This pirate I am is factotum, general servant of diverse responsibility and action. But of the many tasks needed to keep our vessel afloat, the fact is that the most essential is that of story telling.

What value do you place upon my story telling? I am sure, since you are still reading, that my story telling has some intrinsic value for you. But is the value of the hue one relatively light or shamefully dark? What is your fundamental assumption?

The true is most often associated with the light as in bright, visible. And with the heavy, as in weighty and firm. Our words "true" and "tree" have the same Old English root that means the firmness of wood, the deeply rooted. So the truth is solid and clear and visible. The truth is locatable and verifiable. Truth is graspable. We say the truth is real, and our word "real" comes from the Latin res, which means "thing." So, like real things, truth is real and really concrete.

And the true is valued, taken to be of worth, of strength, of purpose. We trust in this.

But trust always involves risk. If there were no risk, trust would not be necessary. Our trusting means that we are inclined, at least in a particular moment, to expect the best from that which is trusted. What is the best that can be expected from the truth?

Our trust in the true is based upon the presentation of facts. The word "fact" originally indicated action, and in the earliest etymology these actions bore the connotation of evil deeds. Like our expression "fact of life," harsh circumstances of which we must bear the brunt and sorrow are intimated. It is what it is: Grin and bear it.

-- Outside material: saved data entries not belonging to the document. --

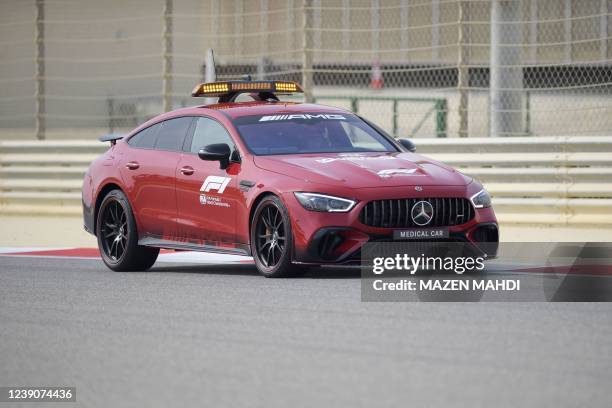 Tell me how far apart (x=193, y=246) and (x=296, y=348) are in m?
4.39

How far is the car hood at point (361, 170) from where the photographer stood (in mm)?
10602

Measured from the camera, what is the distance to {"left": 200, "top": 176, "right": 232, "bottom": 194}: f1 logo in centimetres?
1140

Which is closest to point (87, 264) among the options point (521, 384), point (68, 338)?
point (68, 338)

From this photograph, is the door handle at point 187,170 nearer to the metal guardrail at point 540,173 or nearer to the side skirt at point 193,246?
the side skirt at point 193,246

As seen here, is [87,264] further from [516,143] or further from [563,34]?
[563,34]

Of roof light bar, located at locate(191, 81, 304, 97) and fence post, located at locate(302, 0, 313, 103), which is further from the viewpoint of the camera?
fence post, located at locate(302, 0, 313, 103)

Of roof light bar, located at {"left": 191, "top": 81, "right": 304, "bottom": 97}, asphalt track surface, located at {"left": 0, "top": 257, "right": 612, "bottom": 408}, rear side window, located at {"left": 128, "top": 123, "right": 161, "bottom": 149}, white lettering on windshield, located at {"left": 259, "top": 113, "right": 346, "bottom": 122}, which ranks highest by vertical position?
roof light bar, located at {"left": 191, "top": 81, "right": 304, "bottom": 97}

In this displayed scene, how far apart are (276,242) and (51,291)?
5.55 feet

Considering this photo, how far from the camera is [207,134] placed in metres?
12.1

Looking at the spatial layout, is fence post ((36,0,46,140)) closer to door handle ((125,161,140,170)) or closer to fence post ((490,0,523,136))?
fence post ((490,0,523,136))

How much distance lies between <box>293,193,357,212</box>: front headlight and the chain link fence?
444 cm

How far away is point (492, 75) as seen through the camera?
57.8ft

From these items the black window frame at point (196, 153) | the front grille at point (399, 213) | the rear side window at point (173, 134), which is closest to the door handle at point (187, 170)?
the black window frame at point (196, 153)

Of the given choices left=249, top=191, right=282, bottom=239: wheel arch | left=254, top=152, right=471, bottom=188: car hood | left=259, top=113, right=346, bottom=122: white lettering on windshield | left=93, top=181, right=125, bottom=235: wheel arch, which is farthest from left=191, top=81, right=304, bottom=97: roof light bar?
left=249, top=191, right=282, bottom=239: wheel arch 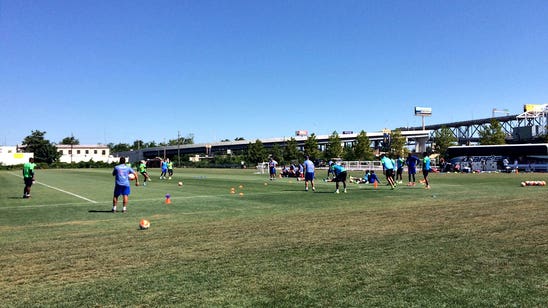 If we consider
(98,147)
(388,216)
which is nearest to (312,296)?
(388,216)

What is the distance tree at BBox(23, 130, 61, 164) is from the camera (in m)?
148

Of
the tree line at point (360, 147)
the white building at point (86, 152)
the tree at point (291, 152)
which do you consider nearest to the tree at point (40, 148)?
the white building at point (86, 152)

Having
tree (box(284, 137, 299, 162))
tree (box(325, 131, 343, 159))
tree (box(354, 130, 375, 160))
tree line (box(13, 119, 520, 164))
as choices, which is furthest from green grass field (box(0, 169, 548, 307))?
tree (box(284, 137, 299, 162))

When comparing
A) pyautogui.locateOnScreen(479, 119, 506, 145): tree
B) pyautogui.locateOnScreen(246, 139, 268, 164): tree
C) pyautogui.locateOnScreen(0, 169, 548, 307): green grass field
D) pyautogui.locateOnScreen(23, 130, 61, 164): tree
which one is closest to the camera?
pyautogui.locateOnScreen(0, 169, 548, 307): green grass field

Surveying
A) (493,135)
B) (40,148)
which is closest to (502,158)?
(493,135)

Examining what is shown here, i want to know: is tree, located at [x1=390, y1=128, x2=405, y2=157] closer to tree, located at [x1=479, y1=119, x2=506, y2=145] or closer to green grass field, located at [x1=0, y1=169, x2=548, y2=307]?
tree, located at [x1=479, y1=119, x2=506, y2=145]

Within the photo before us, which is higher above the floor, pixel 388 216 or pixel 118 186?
pixel 118 186

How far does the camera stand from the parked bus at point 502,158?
48.5 metres

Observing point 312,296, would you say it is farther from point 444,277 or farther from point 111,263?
point 111,263

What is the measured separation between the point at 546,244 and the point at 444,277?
10.9ft

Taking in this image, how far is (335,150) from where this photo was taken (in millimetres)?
101750

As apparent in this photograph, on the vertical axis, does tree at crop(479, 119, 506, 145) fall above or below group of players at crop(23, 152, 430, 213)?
above

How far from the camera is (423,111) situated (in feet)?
524

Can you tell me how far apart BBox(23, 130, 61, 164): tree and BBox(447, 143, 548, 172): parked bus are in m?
137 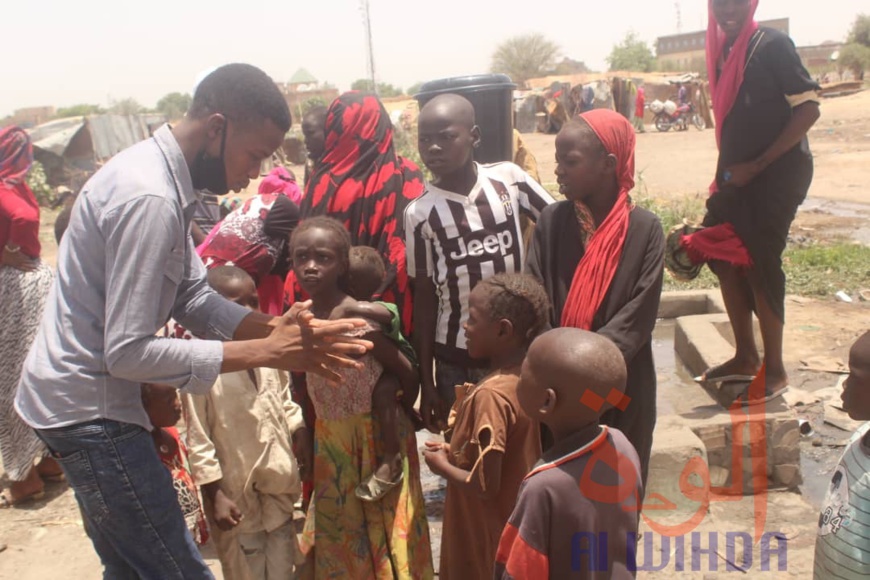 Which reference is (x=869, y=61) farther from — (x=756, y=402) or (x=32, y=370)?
(x=32, y=370)

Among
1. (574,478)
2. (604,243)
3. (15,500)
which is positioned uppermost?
(604,243)

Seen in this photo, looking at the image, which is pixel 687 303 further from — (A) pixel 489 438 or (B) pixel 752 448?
(A) pixel 489 438

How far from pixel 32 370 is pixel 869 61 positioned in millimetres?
39632

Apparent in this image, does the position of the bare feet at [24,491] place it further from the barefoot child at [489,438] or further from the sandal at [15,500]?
the barefoot child at [489,438]

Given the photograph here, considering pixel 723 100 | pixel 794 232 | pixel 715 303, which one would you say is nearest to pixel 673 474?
pixel 723 100

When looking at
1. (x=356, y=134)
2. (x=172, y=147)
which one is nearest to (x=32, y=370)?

Or grin and bare it: My story today is that of the Lady Godiva. In doing my obligatory fact check, I find that Lady Godiva was a noblewoman, equestrian, art patron, tax protester, wife of Leofric III, Earl of Mercia. They lived in the 11th century in Coventry. They were both Christian, and founded an abbey. Lady Godiva was particularly devoted to Mary, the pure mother of God. She wanted to emulate the purity of her model. She also wanted to commission a portrait of herself in order to stimulate interest in the arts in the people.

She came to realize that the people were not interested in the art scene because they had to spend all their time working just to eat and pay their taxes. Her husband was the person responsible for the high taxation of everything, including manure. So Lady Godiva begged Leofric to lower the taxes so that the people would not be so burdened by struggle merely to obtain the necessities of life.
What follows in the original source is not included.